Rising Scottish singing and songwriting star Luke La Volpe recently collected an award for Lewis Capaldi – and is now more determined than ever to secure his own gong in 2020.
Luke picked up the King Tut’s Songwriting Award for his good friend at the Scottish Music awards in December. And, tipped as the next Scottish talent to break big in the wake of Capaldi’s stellar success, he hopes it is a dry run for his own award glory.
He reckons Capaldi – who still lives on the same street in Bathgate as him – opened up the window of opportunity for young Scottish musicians.
Now Luke, who headlines Aberdeen’s Cafe Drummonds on Friday February 28, is determined to follow in his friend’s footsteps.
He said: “I collected Lewis’ award and part of the plan was to plant the seed that I will be coming this year to win it hopefully.

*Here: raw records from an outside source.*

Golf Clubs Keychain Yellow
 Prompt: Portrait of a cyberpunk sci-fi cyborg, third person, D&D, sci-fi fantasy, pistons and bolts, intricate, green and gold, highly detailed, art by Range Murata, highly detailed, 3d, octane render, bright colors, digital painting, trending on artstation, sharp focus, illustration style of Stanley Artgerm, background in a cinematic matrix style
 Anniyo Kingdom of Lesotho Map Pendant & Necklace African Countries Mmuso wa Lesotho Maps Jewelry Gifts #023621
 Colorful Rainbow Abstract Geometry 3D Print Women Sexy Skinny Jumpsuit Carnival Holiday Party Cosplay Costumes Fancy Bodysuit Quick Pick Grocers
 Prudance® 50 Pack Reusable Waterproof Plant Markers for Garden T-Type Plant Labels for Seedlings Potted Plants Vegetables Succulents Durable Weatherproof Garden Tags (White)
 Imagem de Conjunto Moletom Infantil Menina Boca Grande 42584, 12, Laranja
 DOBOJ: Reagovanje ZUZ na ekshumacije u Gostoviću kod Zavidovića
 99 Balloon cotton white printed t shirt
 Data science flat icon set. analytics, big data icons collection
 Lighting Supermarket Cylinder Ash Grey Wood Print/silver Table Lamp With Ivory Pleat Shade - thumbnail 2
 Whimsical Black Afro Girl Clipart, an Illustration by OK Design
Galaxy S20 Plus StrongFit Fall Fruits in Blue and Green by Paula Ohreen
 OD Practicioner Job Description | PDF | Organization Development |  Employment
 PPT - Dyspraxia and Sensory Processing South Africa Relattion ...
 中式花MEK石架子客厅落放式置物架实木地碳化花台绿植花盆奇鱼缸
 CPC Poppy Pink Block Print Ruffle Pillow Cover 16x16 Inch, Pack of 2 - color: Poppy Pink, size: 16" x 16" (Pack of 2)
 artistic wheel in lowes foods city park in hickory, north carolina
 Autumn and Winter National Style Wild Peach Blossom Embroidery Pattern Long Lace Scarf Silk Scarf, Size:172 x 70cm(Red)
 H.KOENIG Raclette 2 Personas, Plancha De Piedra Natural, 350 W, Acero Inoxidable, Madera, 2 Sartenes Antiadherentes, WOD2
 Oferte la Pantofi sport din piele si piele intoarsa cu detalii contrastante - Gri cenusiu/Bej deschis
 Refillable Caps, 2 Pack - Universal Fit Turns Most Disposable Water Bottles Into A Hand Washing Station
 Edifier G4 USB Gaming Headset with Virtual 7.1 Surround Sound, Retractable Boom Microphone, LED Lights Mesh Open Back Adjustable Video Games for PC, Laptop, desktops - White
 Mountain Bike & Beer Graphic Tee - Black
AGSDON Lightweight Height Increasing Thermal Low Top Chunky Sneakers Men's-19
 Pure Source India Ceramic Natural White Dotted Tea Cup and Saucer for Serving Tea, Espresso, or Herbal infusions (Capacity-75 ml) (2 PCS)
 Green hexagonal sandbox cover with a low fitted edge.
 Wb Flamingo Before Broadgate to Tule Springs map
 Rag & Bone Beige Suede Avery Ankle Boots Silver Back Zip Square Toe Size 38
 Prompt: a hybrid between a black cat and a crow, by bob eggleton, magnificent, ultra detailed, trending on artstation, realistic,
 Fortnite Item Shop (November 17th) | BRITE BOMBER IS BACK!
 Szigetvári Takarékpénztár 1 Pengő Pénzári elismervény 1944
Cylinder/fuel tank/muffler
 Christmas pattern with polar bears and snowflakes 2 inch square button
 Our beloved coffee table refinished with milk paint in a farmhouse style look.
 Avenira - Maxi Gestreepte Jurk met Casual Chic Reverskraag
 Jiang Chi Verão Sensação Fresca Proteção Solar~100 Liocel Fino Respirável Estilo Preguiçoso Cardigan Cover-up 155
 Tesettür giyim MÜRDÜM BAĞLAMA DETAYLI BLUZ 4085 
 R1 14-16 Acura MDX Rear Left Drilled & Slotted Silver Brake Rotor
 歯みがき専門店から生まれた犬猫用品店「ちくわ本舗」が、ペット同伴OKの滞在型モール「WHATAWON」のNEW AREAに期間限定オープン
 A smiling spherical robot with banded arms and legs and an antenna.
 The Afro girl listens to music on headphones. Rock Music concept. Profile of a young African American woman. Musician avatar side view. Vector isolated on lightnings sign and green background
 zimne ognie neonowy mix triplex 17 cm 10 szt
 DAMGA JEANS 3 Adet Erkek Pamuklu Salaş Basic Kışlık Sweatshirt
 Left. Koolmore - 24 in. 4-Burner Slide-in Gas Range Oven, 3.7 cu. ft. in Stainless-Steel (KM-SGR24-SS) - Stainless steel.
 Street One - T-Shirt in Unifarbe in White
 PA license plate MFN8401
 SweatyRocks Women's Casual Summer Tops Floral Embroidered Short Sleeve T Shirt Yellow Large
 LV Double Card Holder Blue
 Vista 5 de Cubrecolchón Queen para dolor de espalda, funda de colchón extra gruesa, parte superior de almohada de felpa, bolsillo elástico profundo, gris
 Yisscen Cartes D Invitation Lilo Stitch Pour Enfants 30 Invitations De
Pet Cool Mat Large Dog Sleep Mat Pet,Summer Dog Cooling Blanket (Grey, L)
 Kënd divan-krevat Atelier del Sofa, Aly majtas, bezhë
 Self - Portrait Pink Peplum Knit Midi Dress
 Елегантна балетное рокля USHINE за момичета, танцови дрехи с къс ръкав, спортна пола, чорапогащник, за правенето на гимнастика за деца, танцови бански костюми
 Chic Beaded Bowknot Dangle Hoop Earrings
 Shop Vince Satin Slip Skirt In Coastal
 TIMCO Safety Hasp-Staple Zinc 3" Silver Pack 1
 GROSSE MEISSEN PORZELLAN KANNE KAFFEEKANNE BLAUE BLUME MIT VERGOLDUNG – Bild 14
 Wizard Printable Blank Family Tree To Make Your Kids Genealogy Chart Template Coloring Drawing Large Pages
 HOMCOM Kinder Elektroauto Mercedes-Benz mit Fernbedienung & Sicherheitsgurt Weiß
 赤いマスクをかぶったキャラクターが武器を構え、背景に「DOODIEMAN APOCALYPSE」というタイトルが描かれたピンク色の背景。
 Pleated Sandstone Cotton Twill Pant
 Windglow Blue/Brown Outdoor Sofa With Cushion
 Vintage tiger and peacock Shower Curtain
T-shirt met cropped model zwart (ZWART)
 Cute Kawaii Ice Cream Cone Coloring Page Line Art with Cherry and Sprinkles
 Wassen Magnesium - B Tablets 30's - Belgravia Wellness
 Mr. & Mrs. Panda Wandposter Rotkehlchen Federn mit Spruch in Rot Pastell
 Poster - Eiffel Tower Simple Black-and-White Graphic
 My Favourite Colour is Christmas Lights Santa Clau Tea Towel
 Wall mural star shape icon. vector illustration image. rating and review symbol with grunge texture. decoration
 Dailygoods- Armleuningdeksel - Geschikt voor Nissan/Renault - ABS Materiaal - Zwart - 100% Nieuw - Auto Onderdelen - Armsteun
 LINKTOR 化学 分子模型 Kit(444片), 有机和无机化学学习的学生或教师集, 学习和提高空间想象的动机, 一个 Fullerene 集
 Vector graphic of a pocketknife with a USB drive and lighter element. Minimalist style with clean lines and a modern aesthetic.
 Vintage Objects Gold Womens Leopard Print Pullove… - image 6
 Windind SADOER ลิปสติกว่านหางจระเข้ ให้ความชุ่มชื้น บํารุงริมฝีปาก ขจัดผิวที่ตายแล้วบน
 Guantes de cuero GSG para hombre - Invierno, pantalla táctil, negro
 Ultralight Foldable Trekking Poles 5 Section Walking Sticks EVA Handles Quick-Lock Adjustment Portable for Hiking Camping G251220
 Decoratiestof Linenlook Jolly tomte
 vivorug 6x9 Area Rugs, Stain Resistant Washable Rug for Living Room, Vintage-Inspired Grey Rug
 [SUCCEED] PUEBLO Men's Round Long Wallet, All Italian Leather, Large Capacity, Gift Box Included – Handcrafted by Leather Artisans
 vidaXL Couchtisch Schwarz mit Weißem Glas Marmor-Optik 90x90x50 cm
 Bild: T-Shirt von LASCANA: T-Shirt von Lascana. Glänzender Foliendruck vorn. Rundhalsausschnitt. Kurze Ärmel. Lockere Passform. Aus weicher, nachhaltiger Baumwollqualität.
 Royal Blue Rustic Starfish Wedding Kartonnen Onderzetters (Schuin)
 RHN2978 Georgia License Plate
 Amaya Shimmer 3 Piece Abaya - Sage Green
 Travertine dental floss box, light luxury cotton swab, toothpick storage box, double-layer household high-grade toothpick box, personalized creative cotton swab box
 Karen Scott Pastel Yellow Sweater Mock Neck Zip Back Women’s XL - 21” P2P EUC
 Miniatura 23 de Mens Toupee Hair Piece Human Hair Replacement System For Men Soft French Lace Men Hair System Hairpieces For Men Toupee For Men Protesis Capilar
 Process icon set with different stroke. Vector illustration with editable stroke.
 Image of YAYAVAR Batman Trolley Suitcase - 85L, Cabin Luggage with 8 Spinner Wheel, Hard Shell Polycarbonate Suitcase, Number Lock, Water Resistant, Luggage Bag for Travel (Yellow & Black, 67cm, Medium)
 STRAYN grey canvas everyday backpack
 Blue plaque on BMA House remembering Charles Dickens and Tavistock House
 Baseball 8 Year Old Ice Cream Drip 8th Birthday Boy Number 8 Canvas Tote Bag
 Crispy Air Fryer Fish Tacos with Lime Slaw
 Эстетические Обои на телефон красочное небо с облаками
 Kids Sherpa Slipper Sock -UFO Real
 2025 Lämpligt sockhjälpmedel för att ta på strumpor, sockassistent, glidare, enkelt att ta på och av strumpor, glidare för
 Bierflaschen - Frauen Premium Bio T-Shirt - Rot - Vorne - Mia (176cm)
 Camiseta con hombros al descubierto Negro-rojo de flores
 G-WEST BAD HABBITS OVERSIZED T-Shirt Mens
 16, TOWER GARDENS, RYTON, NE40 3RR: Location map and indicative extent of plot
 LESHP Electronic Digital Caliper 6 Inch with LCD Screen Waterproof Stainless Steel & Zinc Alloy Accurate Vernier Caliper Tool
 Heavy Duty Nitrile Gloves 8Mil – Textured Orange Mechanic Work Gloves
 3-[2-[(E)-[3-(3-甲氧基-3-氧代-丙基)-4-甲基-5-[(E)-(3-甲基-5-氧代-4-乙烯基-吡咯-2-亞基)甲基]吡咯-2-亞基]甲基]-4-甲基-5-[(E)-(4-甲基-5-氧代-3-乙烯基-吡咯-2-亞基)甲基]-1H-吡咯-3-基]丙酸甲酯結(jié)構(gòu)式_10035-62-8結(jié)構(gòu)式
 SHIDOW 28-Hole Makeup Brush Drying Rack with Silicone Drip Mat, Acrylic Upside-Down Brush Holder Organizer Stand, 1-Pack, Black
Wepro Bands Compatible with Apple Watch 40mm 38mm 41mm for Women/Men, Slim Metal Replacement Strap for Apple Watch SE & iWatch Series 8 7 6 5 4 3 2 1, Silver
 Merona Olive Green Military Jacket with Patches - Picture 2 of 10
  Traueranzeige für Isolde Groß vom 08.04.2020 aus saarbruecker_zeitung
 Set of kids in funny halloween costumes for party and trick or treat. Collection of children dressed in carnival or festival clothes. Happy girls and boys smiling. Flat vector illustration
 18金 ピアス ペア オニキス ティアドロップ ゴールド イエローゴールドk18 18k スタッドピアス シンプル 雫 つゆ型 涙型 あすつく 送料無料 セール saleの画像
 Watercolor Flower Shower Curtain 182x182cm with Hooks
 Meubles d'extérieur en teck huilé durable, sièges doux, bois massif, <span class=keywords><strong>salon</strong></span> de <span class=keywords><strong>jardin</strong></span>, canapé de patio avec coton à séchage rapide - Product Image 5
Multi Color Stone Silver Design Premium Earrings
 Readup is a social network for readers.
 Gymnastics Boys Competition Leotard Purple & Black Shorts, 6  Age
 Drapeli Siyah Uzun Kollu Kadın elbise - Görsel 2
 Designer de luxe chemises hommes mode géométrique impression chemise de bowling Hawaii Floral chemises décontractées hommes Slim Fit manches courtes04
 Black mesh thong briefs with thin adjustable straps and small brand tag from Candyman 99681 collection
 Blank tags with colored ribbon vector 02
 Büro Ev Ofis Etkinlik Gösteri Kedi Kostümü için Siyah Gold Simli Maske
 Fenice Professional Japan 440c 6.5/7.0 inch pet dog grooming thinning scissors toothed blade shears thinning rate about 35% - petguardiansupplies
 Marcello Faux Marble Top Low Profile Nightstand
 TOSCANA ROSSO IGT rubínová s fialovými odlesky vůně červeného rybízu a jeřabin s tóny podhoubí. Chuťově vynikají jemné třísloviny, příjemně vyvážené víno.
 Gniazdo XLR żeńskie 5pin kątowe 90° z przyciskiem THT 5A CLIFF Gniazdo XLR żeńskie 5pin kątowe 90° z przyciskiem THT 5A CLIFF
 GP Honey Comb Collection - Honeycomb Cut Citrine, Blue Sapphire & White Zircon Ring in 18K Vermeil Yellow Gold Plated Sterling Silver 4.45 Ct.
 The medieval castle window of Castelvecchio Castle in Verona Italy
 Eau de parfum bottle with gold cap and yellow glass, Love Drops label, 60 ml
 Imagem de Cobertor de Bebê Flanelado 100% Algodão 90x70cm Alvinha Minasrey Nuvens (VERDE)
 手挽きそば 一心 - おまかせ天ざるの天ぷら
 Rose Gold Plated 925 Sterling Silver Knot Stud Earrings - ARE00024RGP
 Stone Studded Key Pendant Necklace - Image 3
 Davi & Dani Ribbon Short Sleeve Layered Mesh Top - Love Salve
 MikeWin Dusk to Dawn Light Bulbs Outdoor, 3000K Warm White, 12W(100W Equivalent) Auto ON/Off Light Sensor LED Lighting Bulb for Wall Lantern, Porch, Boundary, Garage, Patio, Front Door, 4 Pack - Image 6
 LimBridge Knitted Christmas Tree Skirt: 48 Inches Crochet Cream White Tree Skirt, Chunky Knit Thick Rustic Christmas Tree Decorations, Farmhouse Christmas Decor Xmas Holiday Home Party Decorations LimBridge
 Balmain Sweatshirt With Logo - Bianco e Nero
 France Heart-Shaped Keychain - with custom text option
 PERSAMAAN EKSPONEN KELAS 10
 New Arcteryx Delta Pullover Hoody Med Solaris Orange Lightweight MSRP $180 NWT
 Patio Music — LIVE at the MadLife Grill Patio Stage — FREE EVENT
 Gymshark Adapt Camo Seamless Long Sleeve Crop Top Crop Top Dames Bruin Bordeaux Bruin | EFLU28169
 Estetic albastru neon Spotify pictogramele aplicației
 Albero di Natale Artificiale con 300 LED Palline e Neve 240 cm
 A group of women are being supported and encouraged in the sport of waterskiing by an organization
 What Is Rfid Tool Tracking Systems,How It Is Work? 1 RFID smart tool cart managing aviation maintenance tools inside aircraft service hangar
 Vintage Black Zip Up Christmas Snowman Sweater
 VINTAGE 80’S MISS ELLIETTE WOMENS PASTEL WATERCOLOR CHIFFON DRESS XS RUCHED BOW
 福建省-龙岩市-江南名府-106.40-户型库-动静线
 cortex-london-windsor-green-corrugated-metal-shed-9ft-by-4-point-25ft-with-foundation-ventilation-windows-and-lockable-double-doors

“The vision I have got is to try to get the Scottish Breakthrough Act.
“My mate Lewis is on a different level altogether now. However the start of his rise was getting that award, and I want to follow in his footsteps and clinch that.”
Capaldi secured the Scottish Music Awards Breakthrough Act in 2017, in a year where he played support on tours by Rag’n’Bone Man and Sam Smith.
Within a year, the Scot was one of the biggest artists in the world, following the success of the single Someone You Loved, which topped the charts not only here in the United Kingdom, but also in the United States.
Luke said: “Lewis stays pretty close to me – he is just up the end of the road.
“And the guy basically rules the world now! He has had an American number one and has been nominated for a Grammy.
“You have to pinch yourself, but it is brilliant because Lewis has shown everyone what is possible.
“He has opened a doorway for a lot of Scottish acts. It has shown to us all that we can maybe do it if Lewis can.
“He has put Scottish musicians on the map.”
Luke and the international music sensation grew up together in Bathgate and began writing songs collaboratively from a very early age. They even made a childhood pact that whoever secured fame first would help the other out.
True to his word, Capaldi, who headlines P&J Live on Sunday March 15, secured Luke as support for his Summer Sessions show in front of 6,000 fans at Princes Street Gardens, Edinburgh, last year.
Luke was recently confirmed for the TRNSMT festival line-up in Glasgow this summer, playing on the Sunday July 12 on the River stage.
Cafe Drummonds offers the opportunity to see one of the hottest prospects in British music up close before he, like Capaldi, inevitably hits the big time.
For anyone as yet unfamiliar with Luke’s music, he describes it as a mix of Frank Sinatra and Led Zeppelin having a child.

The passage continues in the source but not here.